2. Die Generalstaatsanwaltschaft hat beantragt, Termin zur Hauptverhandlung zu bestimmen und in der Hauptverhandlung beantragt, das angefochtene Urteil mit den zugrunde liegenden Feststellungen aufzuheben und die Sache zu neuer Verhandlung und Entscheidung an eine andere kleine Strafkammer des Landgerichts Hannover zurückzuverweisen.
IV.
Die zulässige Revision der Staatsanwaltschaft hat mit der allein erhobenen Sachrüge keinen Erfolg.

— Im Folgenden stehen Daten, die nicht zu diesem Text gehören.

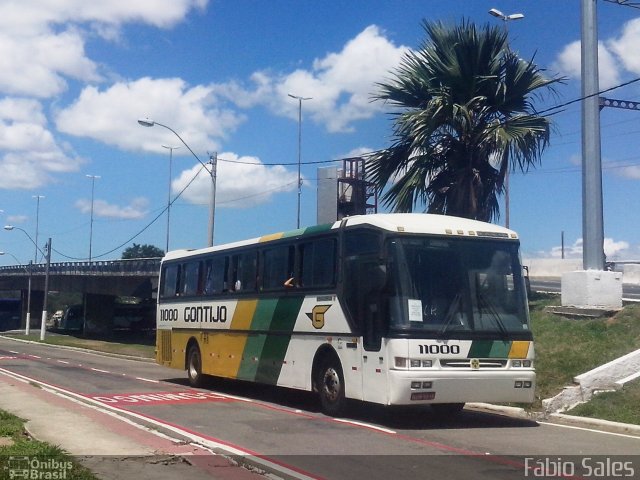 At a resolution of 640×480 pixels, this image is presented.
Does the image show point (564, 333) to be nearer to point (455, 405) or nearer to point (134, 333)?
point (455, 405)

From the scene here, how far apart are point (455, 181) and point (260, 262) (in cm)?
633

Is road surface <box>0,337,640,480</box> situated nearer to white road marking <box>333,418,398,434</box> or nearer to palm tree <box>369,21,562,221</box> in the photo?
white road marking <box>333,418,398,434</box>

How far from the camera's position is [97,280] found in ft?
201

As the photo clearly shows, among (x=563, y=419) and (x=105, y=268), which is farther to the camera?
(x=105, y=268)

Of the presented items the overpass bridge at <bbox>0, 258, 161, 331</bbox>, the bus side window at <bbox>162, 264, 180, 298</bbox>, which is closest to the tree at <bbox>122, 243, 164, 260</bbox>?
the overpass bridge at <bbox>0, 258, 161, 331</bbox>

1.a) Es ist umstritten, ob das Festnahmerecht nach § 127 Abs. 1 StPO eine tatsächlich vom Festgehaltenen begangene Tat voraussetzt (so KG Berlin, VRS 45, 35; OLG Hamm NJW 1972, 1826; NJW 1977, 590, 591; Meyer-Goßner / Schmitt § 127 Rn. 4) oder ob es bereits ausreicht, dass die erkennbaren äußeren Umstände nach der Lebenserfahrung ohne vernünftigen Zweifel den Schluss auf eine rechtswidrige Tat zulassen (so BGH, 6. Zivilsenat, NJW 1981, 745 ff.; BayObLG MDR 1986, 956 f.; OLG Stuttgart Justiz 1990, 372; OLG Koblenz VR 2009, 32; OLG Zweibrücken NJW 1981, 2016; OLG Hamm, NStZ 1998, 370; KK-Schultheis, § 127 Rn. 9). Für die erstgenannte Auffassung sprechen der Wortlaut der Vorschrift und die rechtspolitische Überlegung, dass einem Unschuldigen das Notwehrrecht gegen freiheitsbeschränkende Angriffe von Privatpersonen zustehen muss.

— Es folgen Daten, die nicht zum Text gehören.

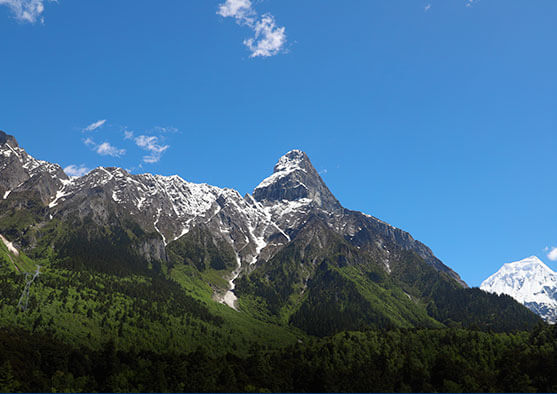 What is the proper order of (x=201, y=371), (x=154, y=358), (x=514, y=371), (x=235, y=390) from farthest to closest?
(x=154, y=358) → (x=514, y=371) → (x=201, y=371) → (x=235, y=390)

Danach hätte der Angeklagte hier sein Notwehrrecht behalten und wäre deshalb wegen der Verletzungen der Zeugin B. gerechtfertigt.
b) Selbst wenn man jedoch mit der in der Rechtsprechung mittlerweile vorherrschenden zweiten Auffassung meint, schon ein dringender Tatverdacht reiche aus, um eine andere Person festhalten zu dürfen, wäre das Notwehrrecht des Angeklagten nicht entfallen, denn ein dringender Tatverdacht der Beihilfe zum Diebstahl lag gegen ihn nicht vor. Der Verdacht gegen ihn war allein durch einen Ausruf der Zeugin K. an der Kasse des Ladengeschäftes entstanden, die lediglich auf Grund des auffälligen Aufenthalts des Angeklagten im Eingangsbereich auf seine Beteiligung geschlossen hatte, ohne dass die Zeugin B. selbst Beobachtungen gemacht hatte, die den Angeklagten belasteten.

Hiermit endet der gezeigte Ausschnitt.